TASK DIRECTIONS ->
Each entry below is to be given again word for word, with no pictures.

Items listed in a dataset

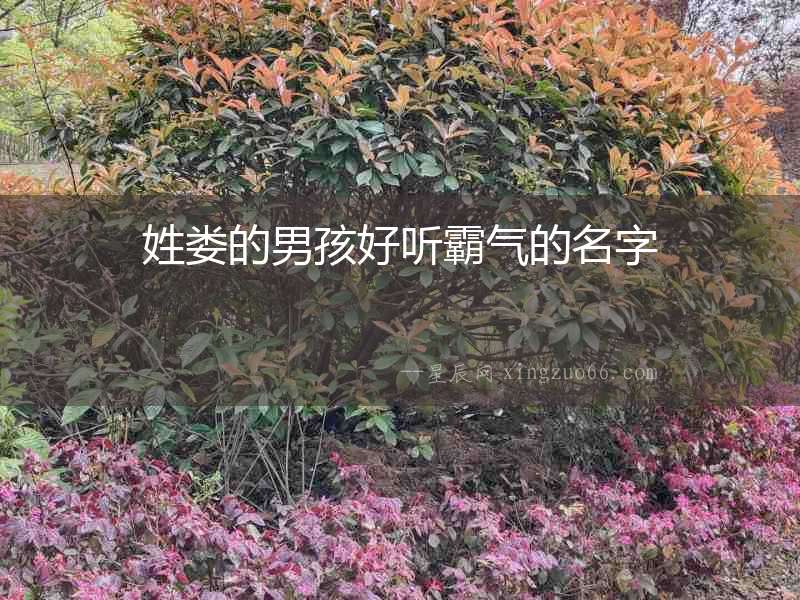 姓婁的男孩好聽(tīng)霸氣的名字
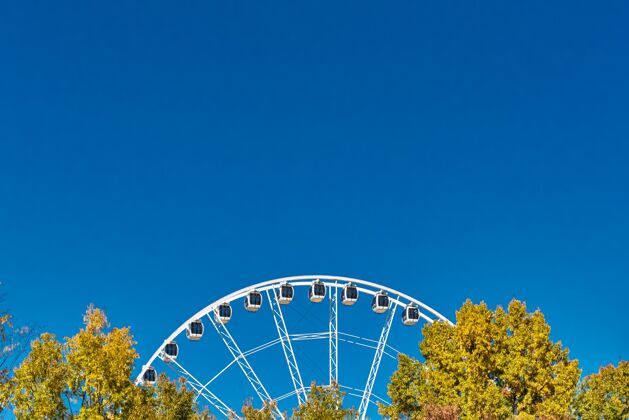 外部特写镜头的摩天轮附近的树木下一个蓝色的晴朗的天空高透视钢铁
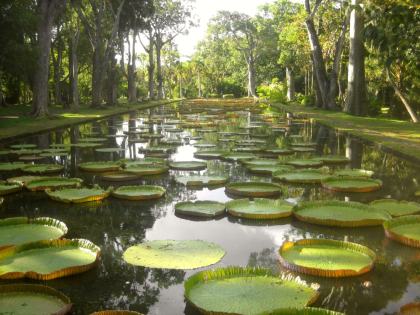 Sir Seewoosagur Ramgoolam Botanical Garden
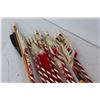 Image 3 : (12) Archery Arrows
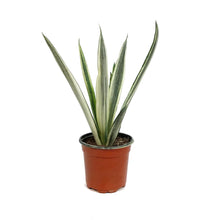 Load image into Gallery viewer, Sansevieria, 4in, Bantel Sensation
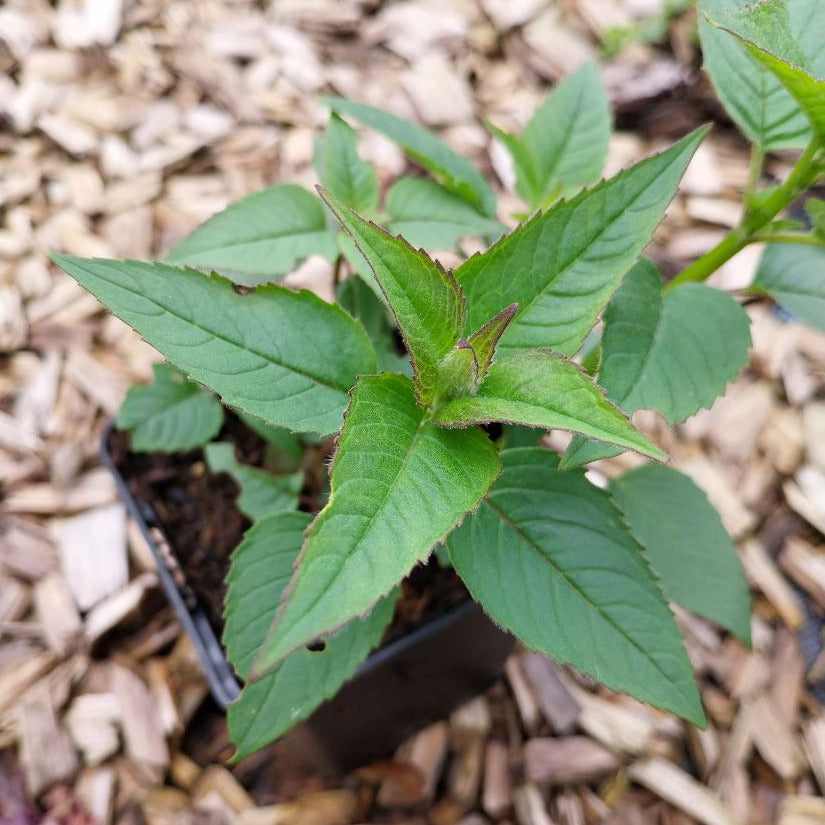 Monarda fistulosa ‚Blaustrumpf‘ im Topf grün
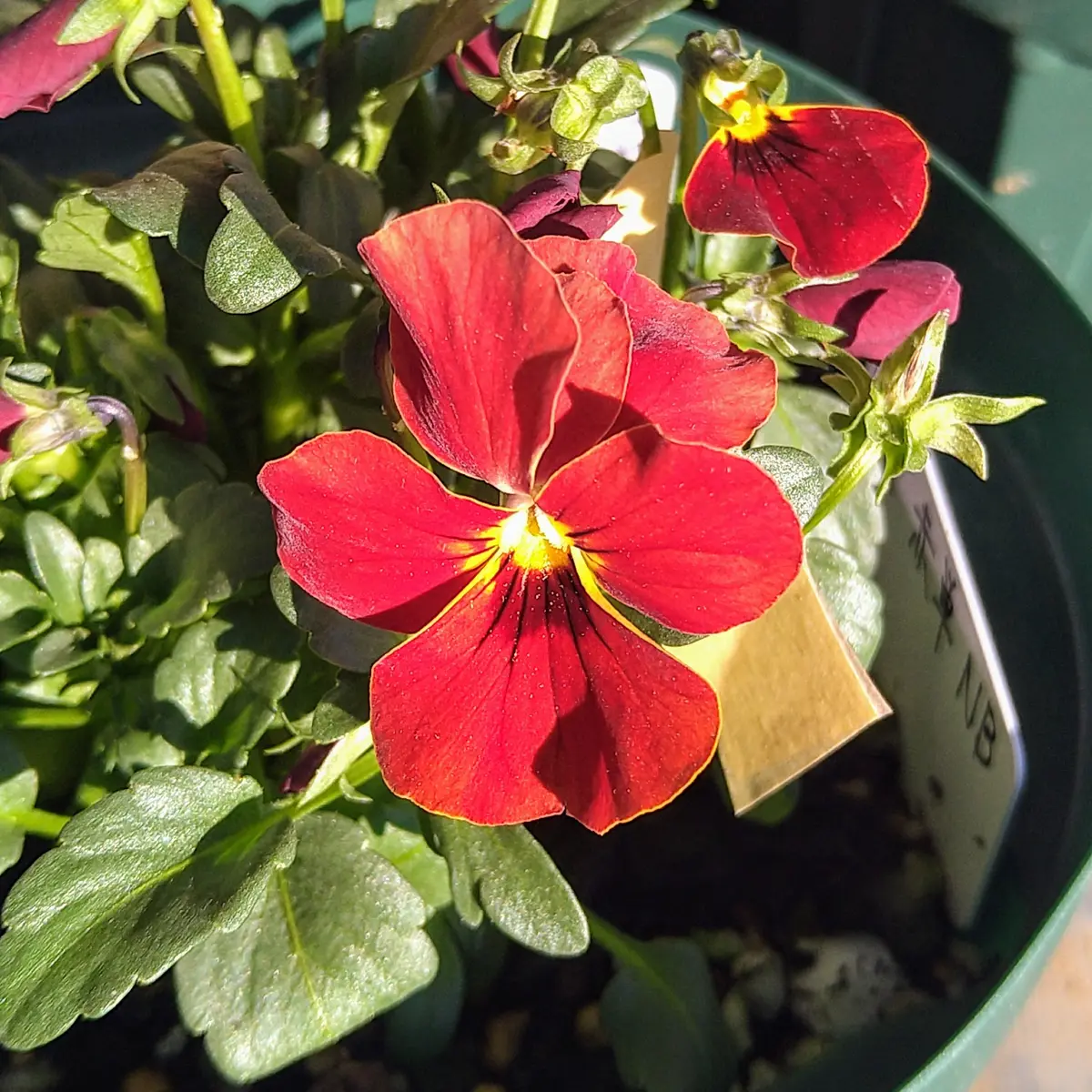 奇形ビオラ ※追記しました｜園芸日記byformosana｜みんなの趣味の園芸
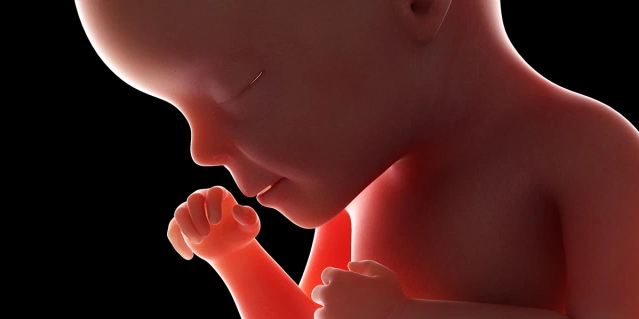 Il drammatico bilancio degli aborti nel 2024. Oltre 123mila al giorno 1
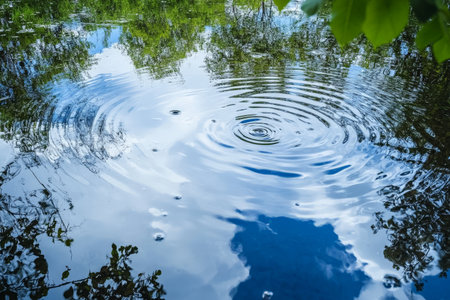Reflective water puddle texture, rippled surface reflecting sky and trees, natural and dynamicの素材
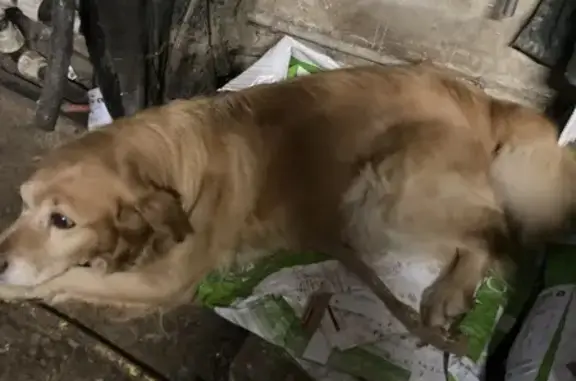 Chienne croisée trouvée à Ciral - photo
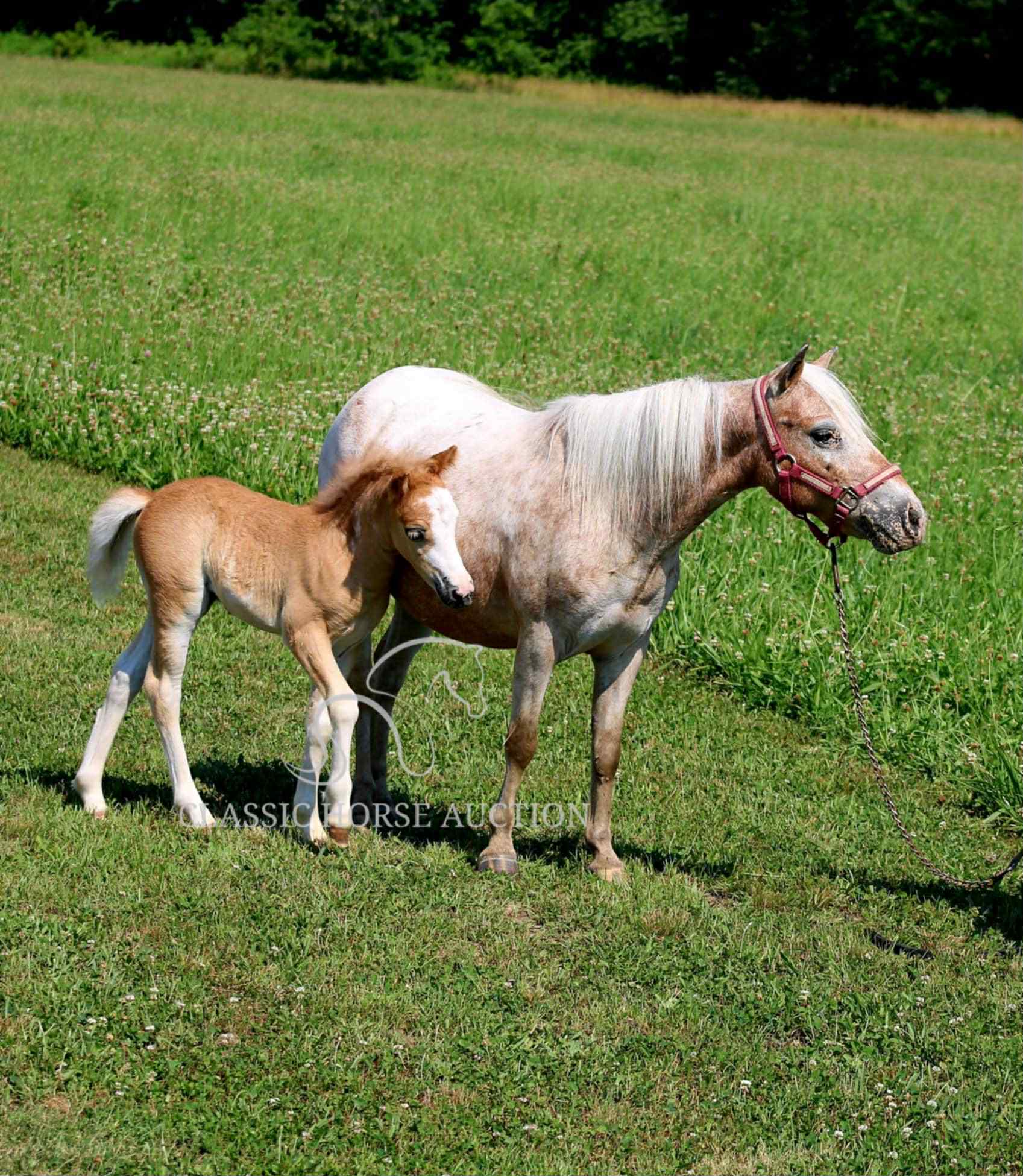 STRAWBERRY & CURLY - Image 27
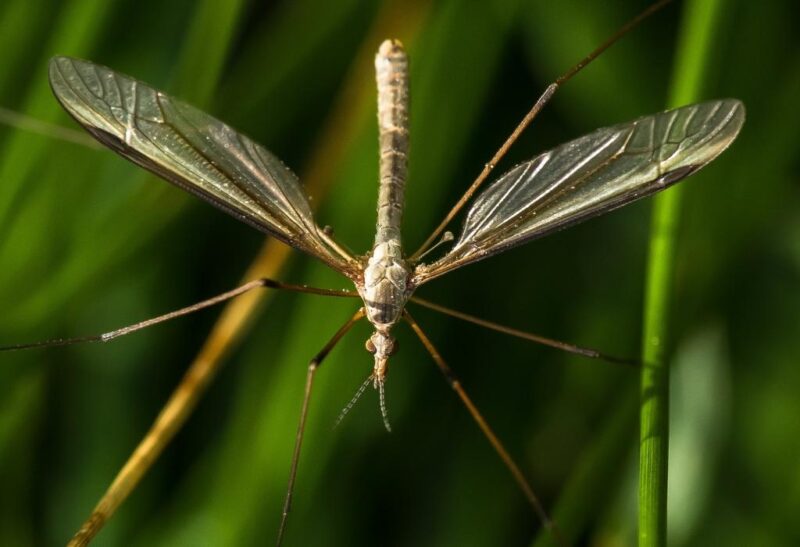 Why Are We Seeing Large Populations of Mosquito Hawks This Time of Year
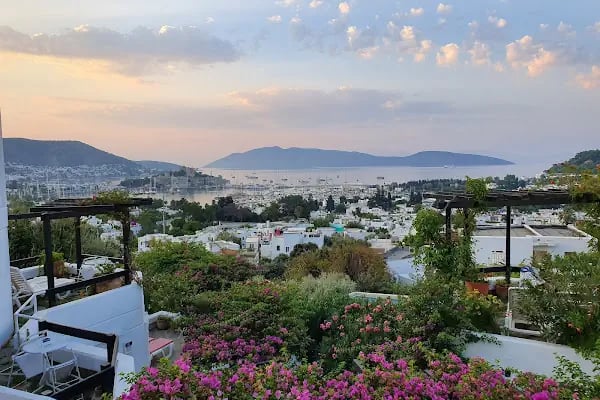 Antique Theatre Otel - Resim 3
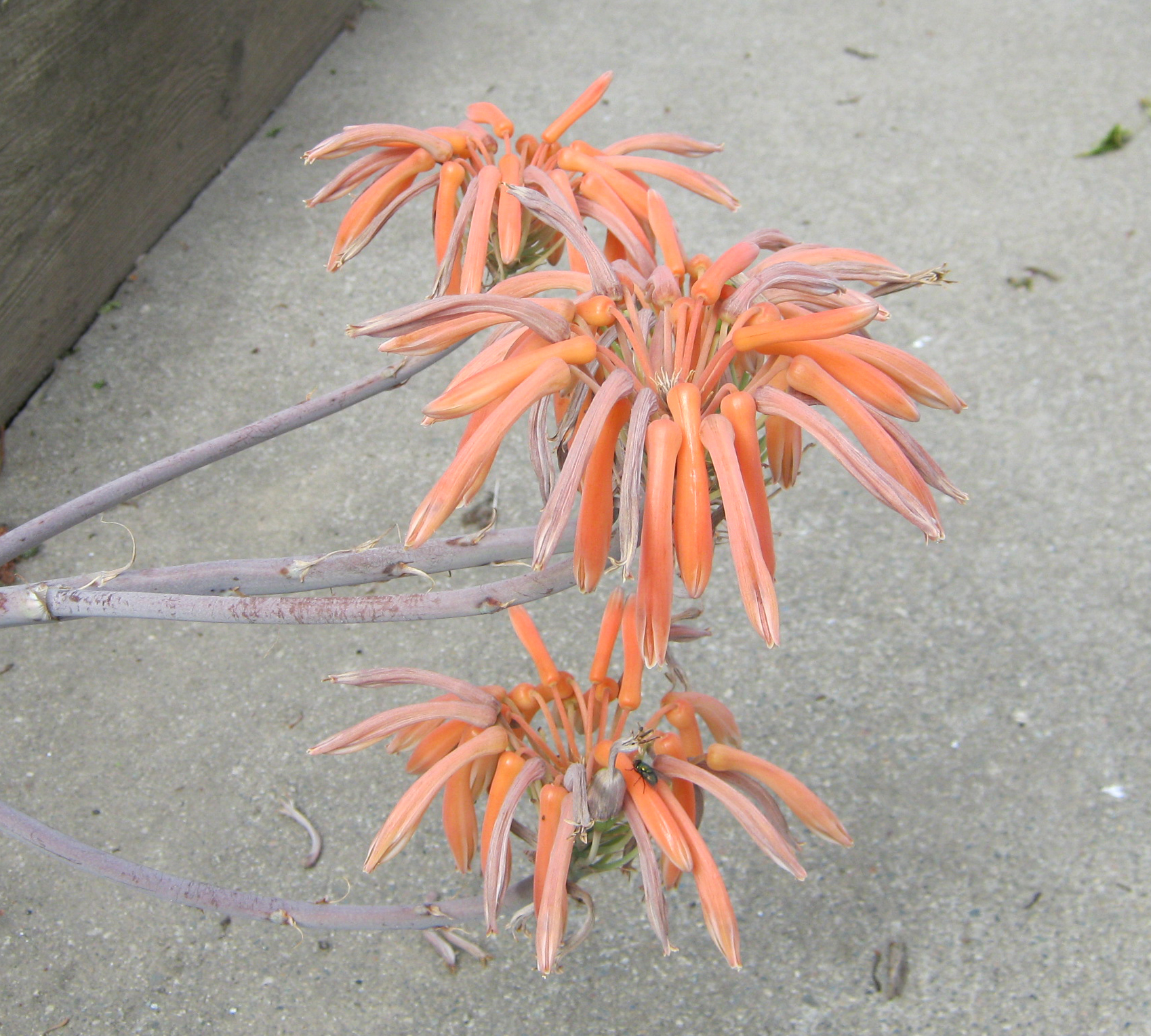 Droopier And Drying Out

OUTPUT FOR THIS TASK ->
 姓婁的男孩好聽(tīng)霸氣的名字
 外部特写镜头的摩天轮附近的树木下一个蓝色的晴朗的天空高透视钢铁
 Sir Seewoosagur Ramgoolam Botanical Garden
 Image 3 : (12) Archery Arrows
 Load image into Gallery viewer, Sansevieria, 4in, Bantel Sensation
 Monarda fistulosa ‚Blaustrumpf‘ im Topf grün
 奇形ビオラ ※追記しました｜園芸日記byformosana｜みんなの趣味の園芸
 Il drammatico bilancio degli aborti nel 2024. Oltre 123mila al giorno 1
Reflective water puddle texture, rippled surface reflecting sky and trees, natural and dynamicの素材
 Chienne croisée trouvée à Ciral - photo
 STRAWBERRY & CURLY - Image 27
 Why Are We Seeing Large Populations of Mosquito Hawks This Time of Year
 Antique Theatre Otel - Resim 3
 Droopier And Drying Out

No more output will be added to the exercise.